«
Jeu blanc »: au hockey, partie au cours de laquelle aucune équipe ne marque. Saluons donc le travail de la traductrice,
Christine Raguet, pour ce titre superbe dont les sens multiples rendent si bien compte de ce beau roman.
Petit indien orphelin, Saul est recueilli par un établissement catholique. Dans ce lieu austère et hypocrite où l'amour divin sans cesse invoqué tue plutôt qu'il ne sauve, il parvient à survivre en développant ses dons innés pour le hockey.
« Ma grand-mère parlait toujours de l'univers comme étant le Grand Mystère.[...]
« Nous avons besoin de mystère, avait-elle dit. Notre Créatrice, dans sa grande sagesse, le savait. le mystère nous remplit de crainte et d'émerveillement, ce sont les fondements de l'humilité, et l'humilité, petit-fils, est le fondement de tout apprentissage. C'est pourquoi nous ne cherchons pas à démêler cela. Nous l'honorons en le préservant ainsi pour toujours. »

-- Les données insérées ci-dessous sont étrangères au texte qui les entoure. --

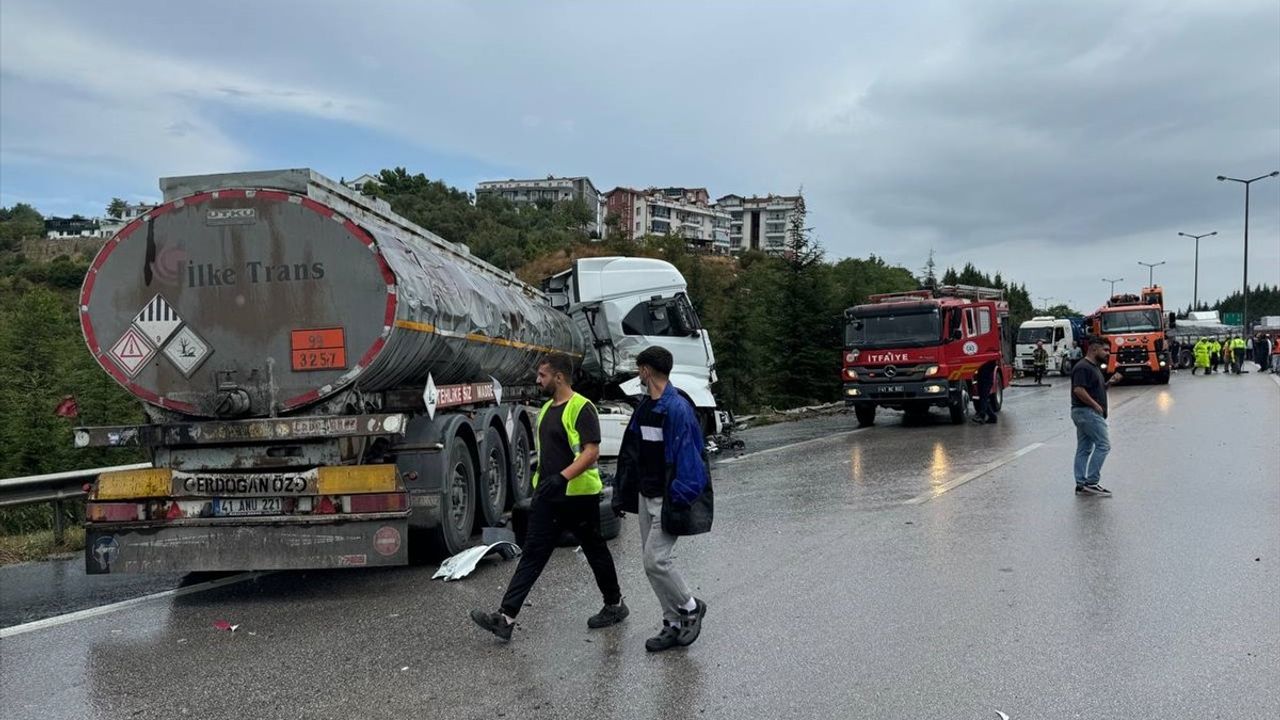 Anadolu Otoyolu'nda Zincirleme Kaza: 3 Yaralı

Quand je me livrais au mystère de la glace, je devenais une créature différente. »
Il est rare de lire un texte où la beauté du sport soit à ce point magnifiée, beauté faite du bonheur d'apprendre et de progresser, de l'extase née du geste juste, de la perfection du jeu collectif où chacun est à sa place, de la joie de se surpasser.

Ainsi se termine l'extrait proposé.